Amit Karda

Edition VI

A Fable on the Lonely Table - by Amit Karda

A Fable on the Lonely Table

By Amit Karda

I lift again,
I lift again the so enchanted pen

and write a fable,
a fable of my love sitting without you, on the lonely table.

Oh I know, it was not supposed to be as it is now,
I know, I was the one who should have figured out how.

I am helpless, helpless but I don’t want to command pity,
at times, my feelings for you make these noisy areas dissolve into a silent abandoned city.

For what I am entitled shall be mine, someone told me.
But I do not know, if not with you will I do fine?

I might need someone to hold me.

You said I’ll be going places and love, you said, I deserve to.
I wonder, if we can go together, seats, I shall reserve for two.

You make me feel different, special, which I know might just be my imagination,
But I liked you, felt for you, loved you, I truly did, unfortunately without any anticipation.

No wonder then, how my bad it was.
 I need to change myself, fake a smile and move on,

The slightest of your sight sometimes,
got me off track and again things began to dawn.

It’s difficult, I know you know it’s difficult to be at peace with what you feel,
the agony of the pain, even when there are no visible wounds to heal.

But with all my heart I appeal to you to consider my request, give me some time,
please don’t abandon me, not just yet my love,
please don’t treat me as a worthless dime.

I wish I could change things, O I really do,
I wish I could make things easier, for you to have moments of love and happiness quite a few.

I’ve regretted nothing so far, and I hope I don’t from here on again,
but, it’s devastating to just go back to whatever it was earlier, and write with the same old pen.

I lift again,
I lift again the so enchanted pen,

and write a fable,
a fable of my unreciprocated love sitting alone on a lonely table.

A fable, a parable which irrefutably has a lesson to teach,
a lot of things, I have to do; a lot of goals to reach.

And still I am a believer of love and the power of the divine,
I try to abandon my feelings for you and embrace the pain,
because I know, that in the end
everything shall be fine.


Edition VIII

Searching... - by Amit Karda  (photo by Hieu Le)Photo credit: Hieu Le

Searching…

By Amit Karda

A battle inside me is on since so many lifetimes,

A rattle beyond control, noisy like the wind chimes

“Why?” I ask, for what is this task?
Am I no one or someone with an inconceivable mask?

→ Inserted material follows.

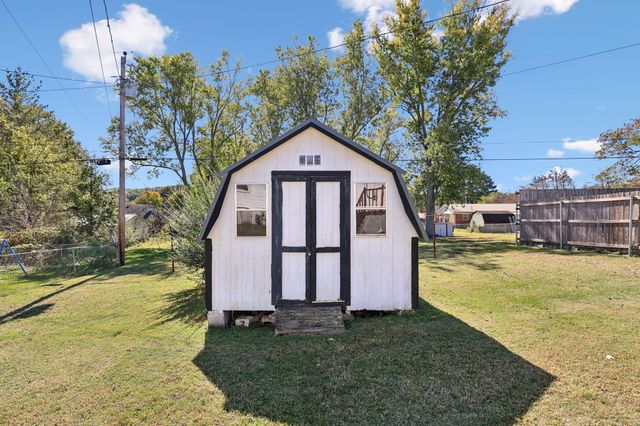 313 Terrace Ln, Woodbury, TN 37190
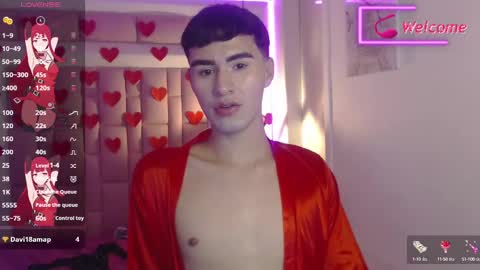 Snapshot of fenix19_ chatting on February 12, 11:51 am IM FENIX online show from February 12, 11:51 am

So I enthrall myself into a journey, scared and in the state of paranoia,
Oh! this journey is haunting, questions arise every time during the metanoia.

Am I the body, the soul, the mind, the ego or am I just made of a subtle pride,
sometimes I want to feel nothing and just be carried away and sway with the tide.

I am deeply shaken at the core of my roots, with this unshakable curiosity,
sometimes I wish I was dumb enough to go with the flow, and skip this atrocity.

So I ask, I question, I doubt, I inquire, I dispute, I seek,
and after this, all I find is more curiosity, My god, the answers seem so oblique.

“Oh! Help me! Will you?” I shout at the sky, seeking shelter under the so called “higher power”,
I’ve been wandering, wandering to find a meaning, going from temple to temple, tower to tower!

This lust for a purpose and a meaning, has brought me experiences so incredible,
I am being treated differently, some love me unconditionally, while the others just recognize me as inedible.

Against the odds, I struggle, right out of the crowd, I snuggle,
to find you almighty,  I know, I shall have to and I will struggle.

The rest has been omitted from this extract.